Si vous saviez comme j’ai honte en cet instant de me disputer aussi
vulgairement avec un être si vil – sans jeu de mots militaire. M’abaisser à sa
mesure, sans doute est-ce là sa seule victoire. Je suis déçu Stéphane, je
n’espérais pas grand-chose de toi, mais peut-être un peu mieux. Tant pis pour
moi, je n’écraserai pas même un scorpion, une mygale, tout juste un cafard.
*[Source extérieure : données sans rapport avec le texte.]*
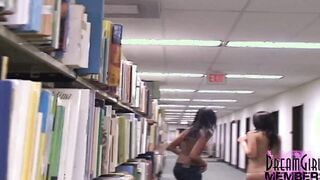 This Is Dirty! 2 Girls Nude Into A College Library!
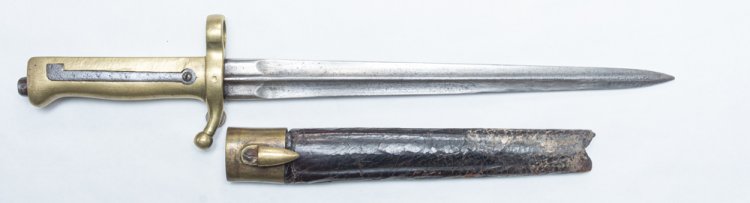 Italian Brass Handle 1870/87 TA with partial scabbard. - Click Image to Close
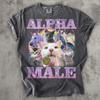 Alpha-Männchen Lustiges Katzen-T-Shirt, Meme-Shirts, Verrückte Kleidung, Geschenk für Ihn, Scherzartikel, Einhorn-Regenbogen-T-Shirt, Comfort Colors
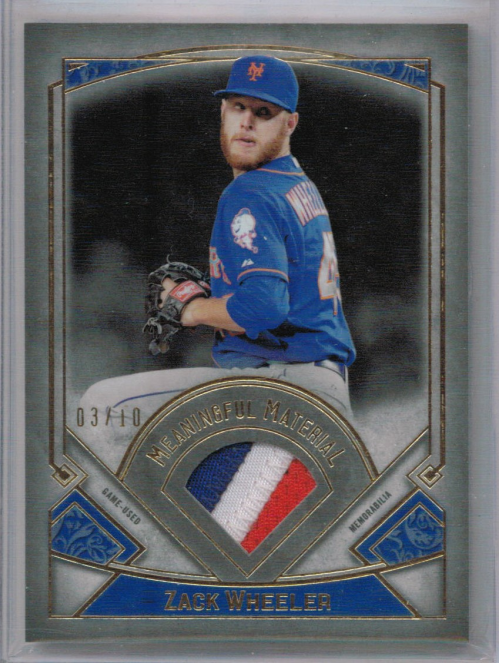 2017 Topps Museum Collection Meaningful Materials Relics Gold #MRZW Zack Wheeler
Monsieur le président, afin d’achever cette navrante bouffonnerie dans les
meilleurs délais, je demande l’audition comme témoins, comme témoins à charge,
pour le préfet Pipard bien sûr, du général d’Astignac, des capitaines Legrand
et Majakovic. Sois-en certain Stéphane, je n’ai pas ta bassesse, à l’instant de
ta condamnation, je serai sincèrement désolé – il l’a bien cherché, il l’a bien
mérité, ne seront jamais mes phrases.
Je n’ai pas compris tout de suite. À peine avais-je
prononcé le nom des témoins, que le visage de Stéphane s’éclaira violemment,
avant qu’il ne chasse son sourire et ne reprenne une attitude empesée,
solennelle.
— Merci Vaquette. Monsieur le président, je remercie
l’accusé. De participer à alourdir le faisceau concordant de présomptions qui
pèse contre lui. Présomptions graves. J’ai anticipé sa manœuvre dilatoire. Je
me suis rendu hier sur le front. Front dont mes fonctions civiles m’ont
éloigné. Malheureusement. J’ai rencontré les témoins cités. Je suis revenu ce
matin. Seul. Avec ces trois documents. Simplement. La cour appréciera.
Il tend
trois feuilles au président. M’en apporte une copie – l’ordure.